With bitcoin, the fees you pay determine the speed at which you receive your money. Transaction fees are paid to the computers that host the network. The processing power is distributed among computers on the internet, and the network owners make money by allowing you to use their system to process transactions.
You can pay no fees, but then it takes longer to receive money. Pay the transaction fees and you receive money much faster. You determine how you want to schedule fees based on how quickly you want payments.
“It seems unlikely that Bitcoin will ever fully replace fiat currency. However, there are a lot of indications that it could play an important role in the global economy, becoming a modern replacement for the outdated gold standard.” (Source: Distributed Truth – The Future of Bitcoin)
Con: Poor Security
People who program bitcoin applications aren’t necessarily security experts.
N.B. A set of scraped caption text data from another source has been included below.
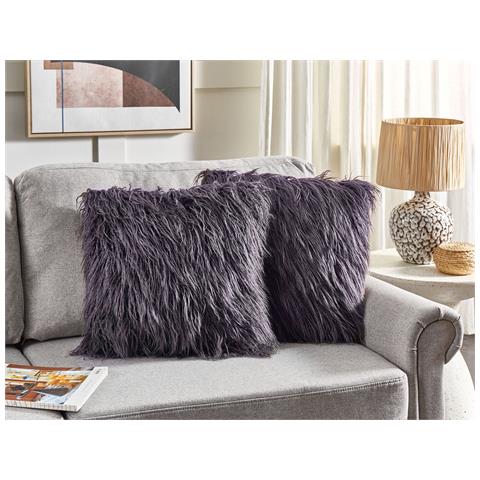 Set Di 2 Cuscini Corokia Finta Pelliccia 45 X 45 Cm Grigio Scuro Tinta Unita - Foto 1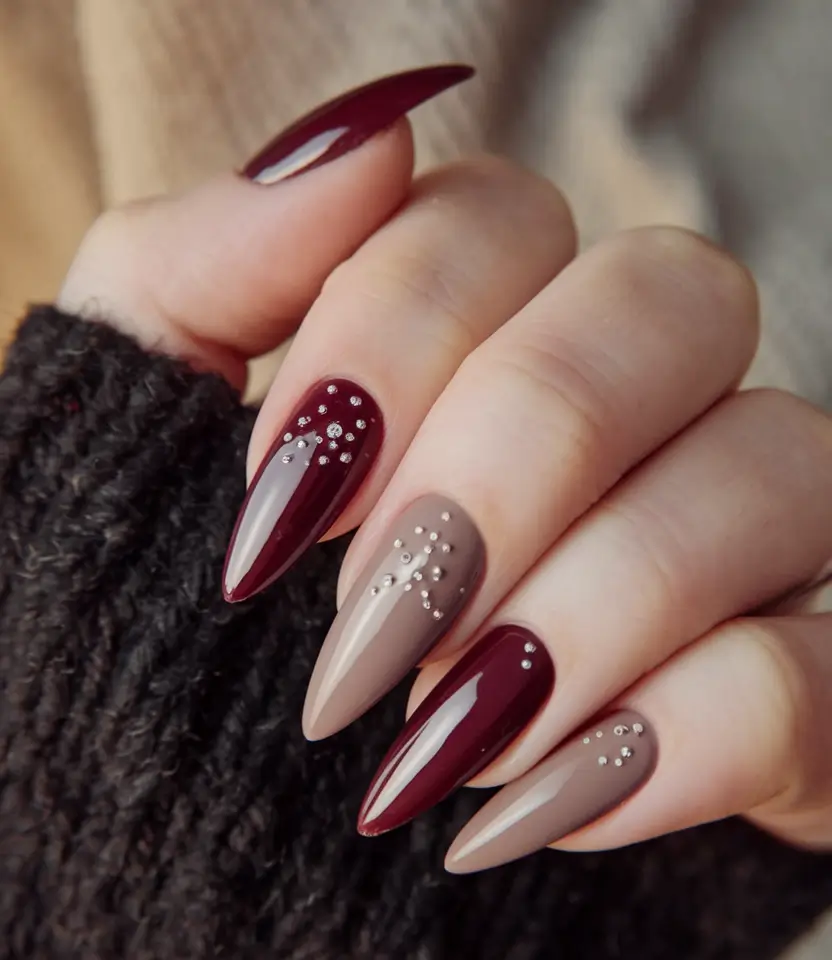 fall stiletto nails design almond Wine & Taupe with Gem Accents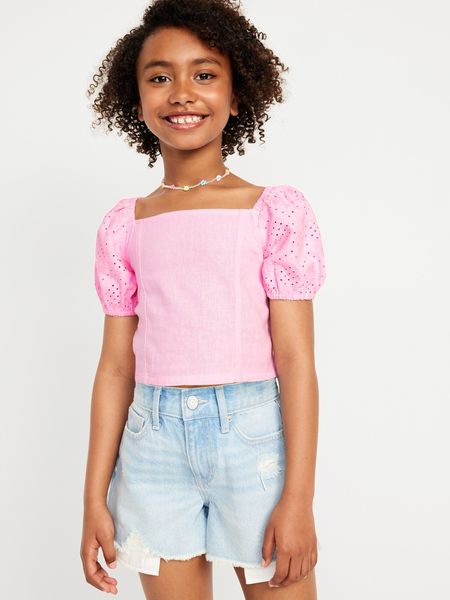 Short Puff-Sleeve Eyelet Linen-Blend Top for Girls | Old Navy (US)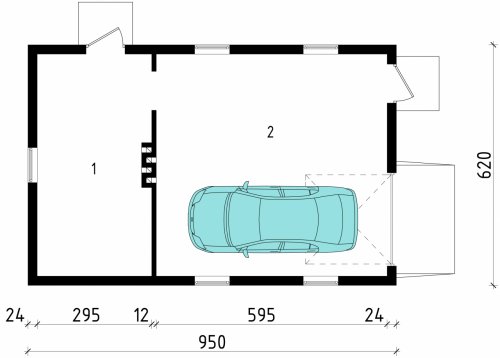 Rzut projektu G42 - Budynek garażowo - gospodarczy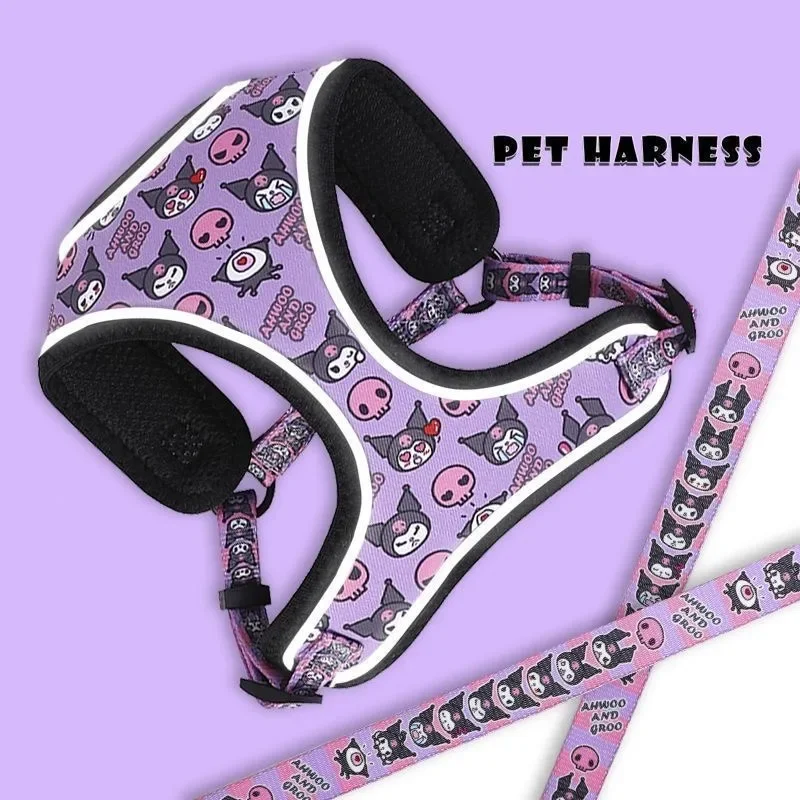 Sanrioed Kuromi Reflective Dog Harness Cartoon Adjustable Small and Medium Dog Quick Release Vest Harness Soft Walking Leash Set
Sanrioed Kuromi Reflective Dog Harness Cartoon Adjustable Small and Medium Dog Quick Release Vest Harness Soft Walking Leash Set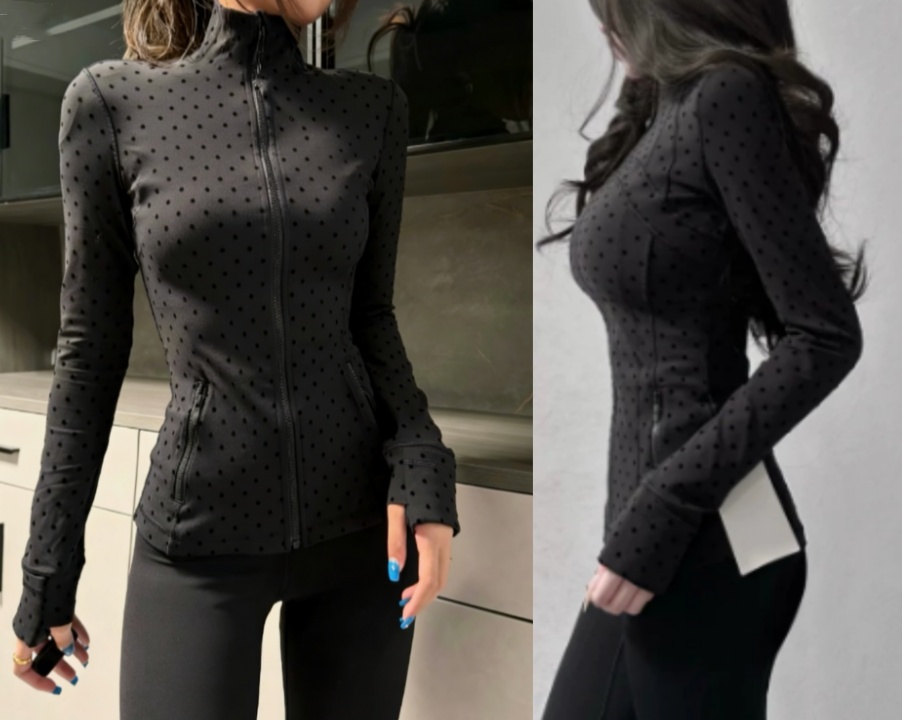 polka dot flocked df stand collar jacket slim fit long sleeve top perfect for yoga fitness gym workouts 2piece jacket set long length short length options
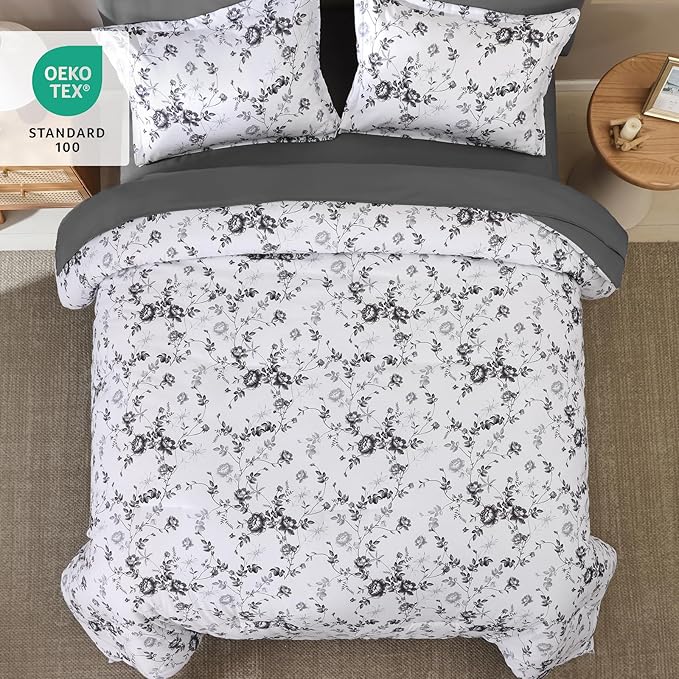 Luxudecor Floral King Comforter Set 7 Pieces Bed in a Bag, Black Rose Romantic Flower Bed Set, Soft Reversible Comforter with Sheet Set 104"x90"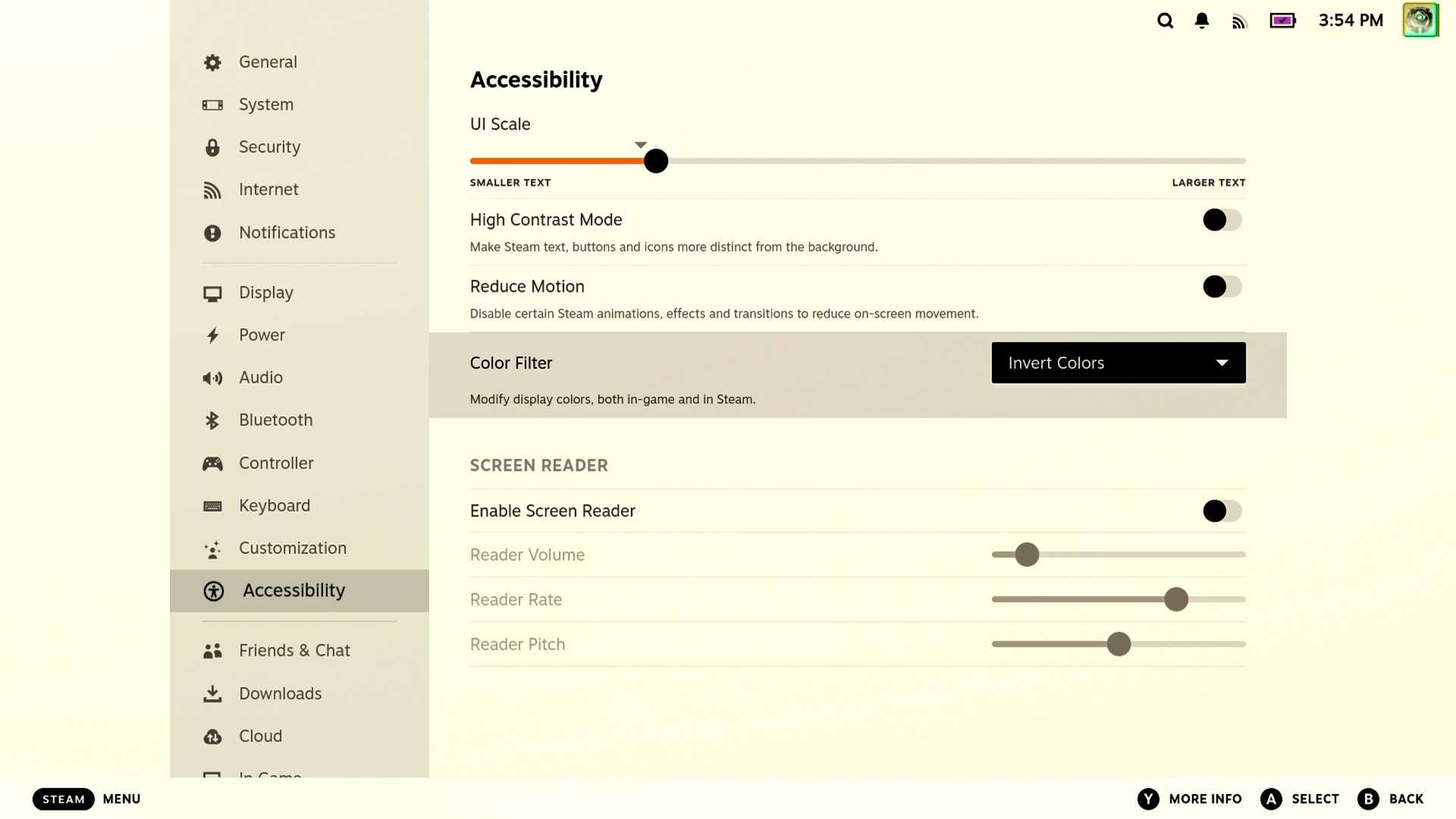 A screen showing Steam's "invert colors" option enabled.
Most of these developers have finance and development backgrounds, but it takes an entirely different set of skills to understand hackers and protect against malware.
With bitcoin, poor security is more than just losing files and restoring data from a backup. In fact, being hacked means you can lose your entire wallet’s money, which in turn could be all of your business revenue if it’s purely in bitcoin. Some bitcoin operators have lost millions and were taken offline due to successful attacks.
You can overcome some of this risk by using a well-known, outstanding payment processor. Ones that have been in existence for a while have either been hacked or invested in protection against attackers.
Con: Volatile Market
Just because you sell a product for $1,000 one day doesn’t mean you’ll have $1,000 in bitcoins the following day. The bitcoin market is very volatile, and it can go up or down in a matter of hours. It’s not uncommon for your bitcoin value to be halved within a few hours if the market crashes. You can get around this issue by converting to your local currency at the time of the transaction.
You wouldn’t want to primarily take bitcoins, because people don’t spend money when the market goes up. As a matter of fact, users lose money if they buy products using bitcoins when the value increases. This means that your business can get hit hard during market increases.
Although this is a disadvantage for your business, if you take bitcoins and have your wallet loaded, then you too make money as their value increases.
Some people would consider anonymity from paying customers a con, but it’s a pro for people who are concerned with privacy. Bitcoin is infamous for being the payment preference of people offering illegal services. While bitcoin can be used for illegal services, it’s still a legitimate way to take payments. Because of its anonymity, bitcoins have wrongly gotten a reputation for being “illegal” or “shady,” which most businesses want to avoid.
Anonymous payments are beneficial for vendors who sell digital products. Buyers in this market have a higher sense of cyber security and usually prefer anonymous transactions.
If you decide to add bitcoins as a payment method, you need a developer to help you add it to your shopping cart. Work with one of the popular bitcoin processors to avoid issues with poorly secured systems. Once you have bitcoins included in your shopping cart, you can take payments and automatically convert them to local currency to avoid inflation issues.